Taft Family - Overview

Overview

The first known ancestor of the Taft family is Robert Taft, Sr., who was born about 1640 in England and died in 1725 in Mendon, Massachusetts. His wife Sarah was born in England, too; they married in 1668 in Braintree, Massachusetts. Robert Taft, Sr. began a homestead in what is today Uxbridge and was then Mendon, Massachusetts, circa 1680. His son, Robert Taft II, was a member of the founding Board of Selectmen for the new town of Uxbridge in 1727. A branch of the Massachusetts Taft family descended from Daniel Taft, son of Robert Taft, Sr., born at Braintree, 1677–1761, died at Mendon. Daniel, a justice of the peace in Mendon, had a son Josiah Taft, later of Uxbridge, who died in 1756. This branch of the Taft family claims America's first woman voter, Lydia Taft, and five generations of Massachusetts legislators and public servants beginning with Lydia's husband, Josiah Taft. Josiah's widow, Lydia, became "America's first woman voter", when she voted in three Uxbridge town meetings.

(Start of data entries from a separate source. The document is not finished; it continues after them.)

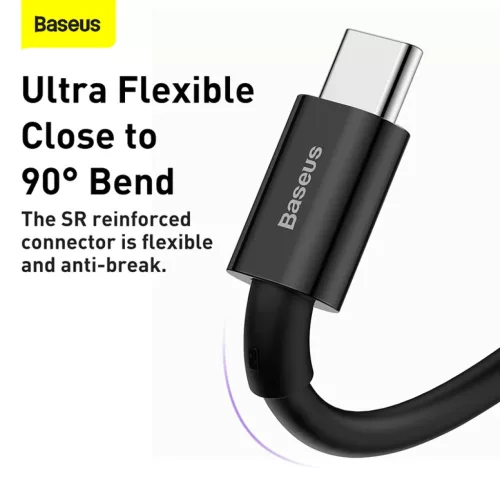 Baseus Superior Series USB-USB-C kábel, 66 W, 2 m (fekete)-6953156205512 6 kép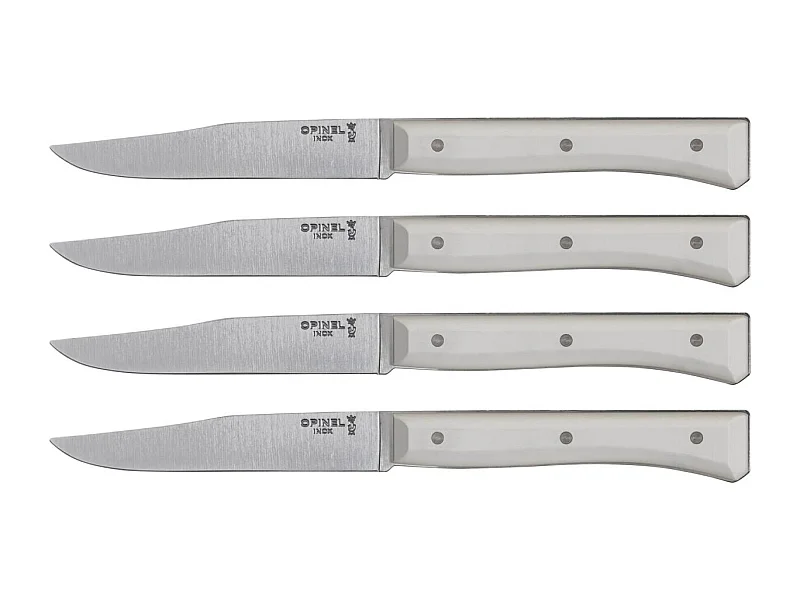 Set de couteaux de table Opinel Facette 4 pièces blanc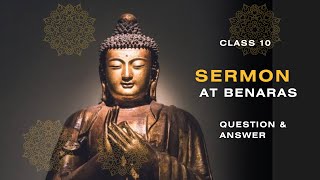 SERMON AT BENARES  CLASS 10  FRIST FLIGHT  HINDI EXPLANATION TheGenZSchool [upl. by Nanete]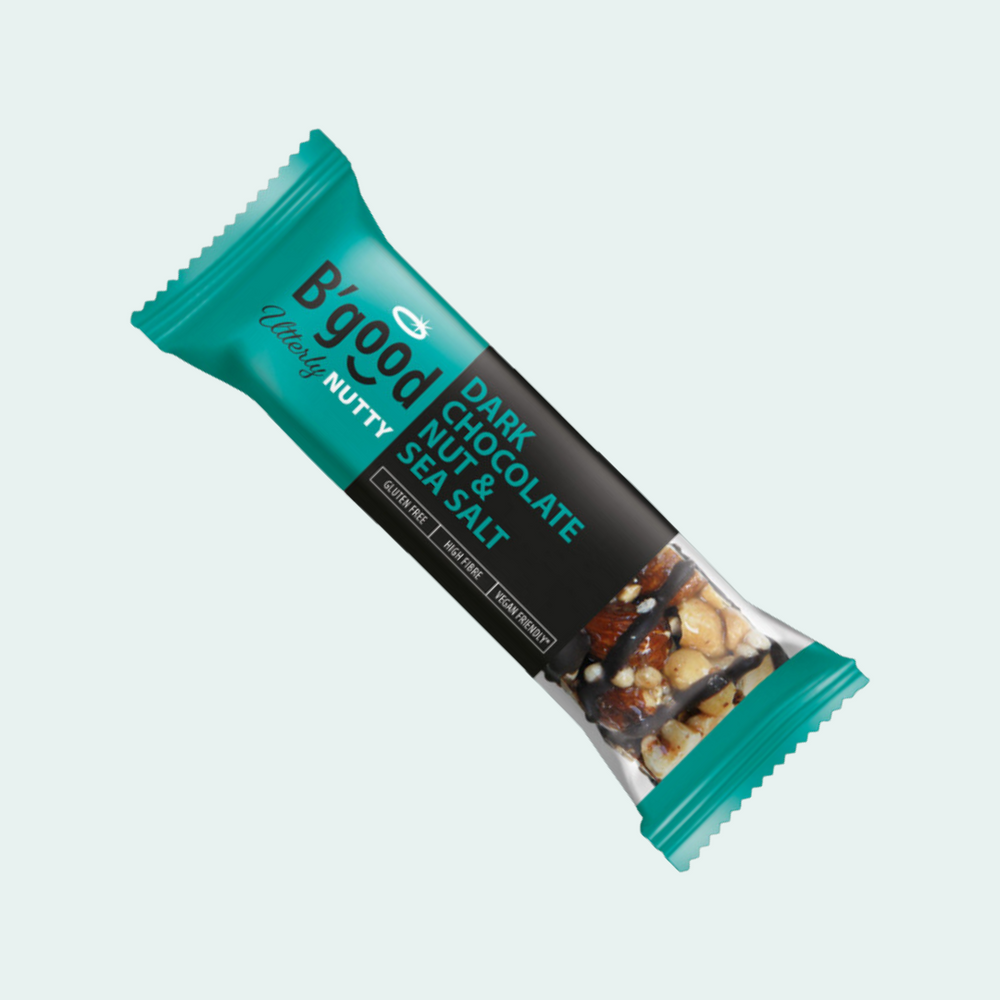 B'good Utterly Nutty Dark Chocolate Nuts & Sea Salt 16 x 40g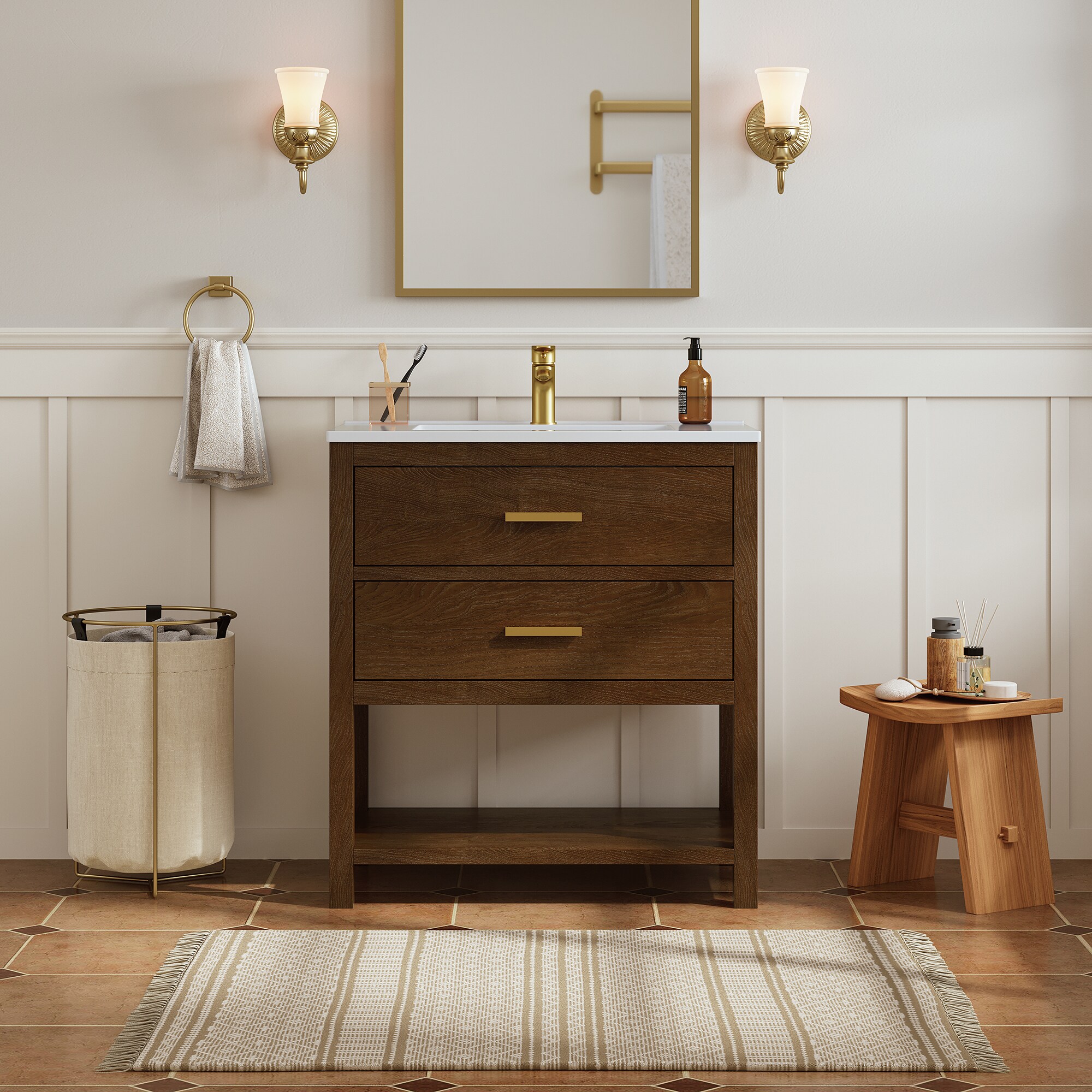 DELUXE LIVING V24030KD-30WT Bath-Vanity-Combo - View #9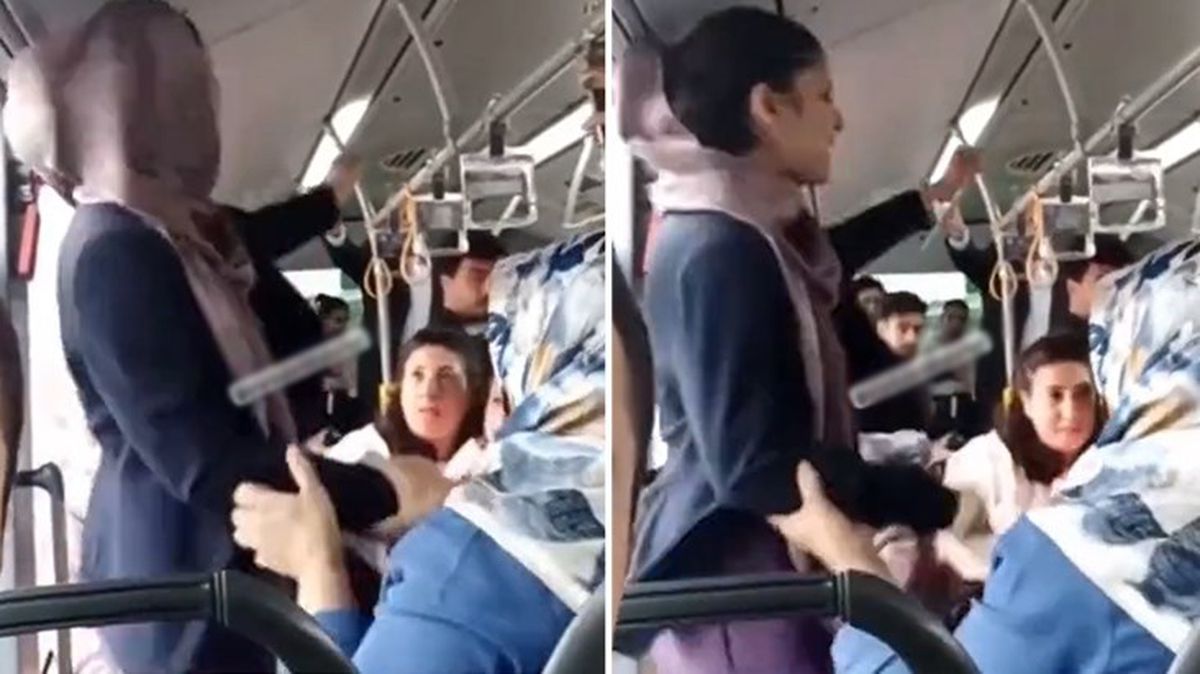 Metrobüste ilginç anlar! Yabancı uyruklu kadın birden ayağa kalkarak 'Recep Tayyip Erdoğan' diye bağırmaya başladı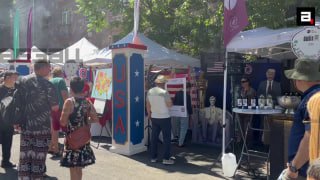 В Ереване на фестивале вина обнаружили стенд Госдепартамента США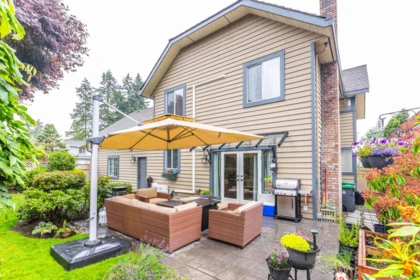 Aerial View of 10779 Fraserglen Drive, Surrey, BC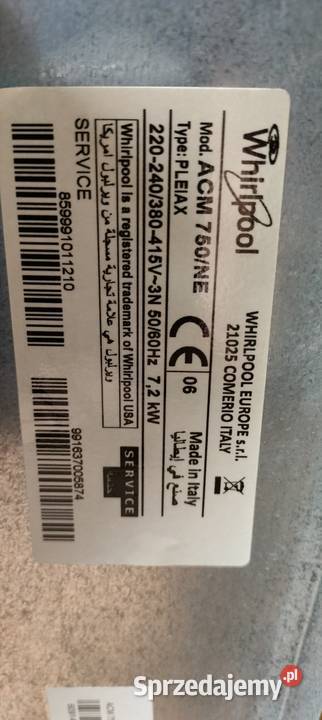 Szyba płyty indukcyjnej Whirlpool ACM 750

The Tafts were very prominently represented as soldiers in the Revolutionary War, mostly in the New England states. Peter Rawson Taft I was born in Uxbridge in 1785 and moved to Townshend, Vermont circa 1800. He became a Vermont state legislator. He died in Cincinnati, Hamilton County, Ohio. His son, Alphonso Taft, was born in Townshend, Vermont, and attended Yale University, where he founded the Skull and Bones society. He later was Secretary of War and Attorney General of the United States and the father of President William Howard Taft. Elmshade in Massachusetts was the site of Taft family reunions such as in 1874.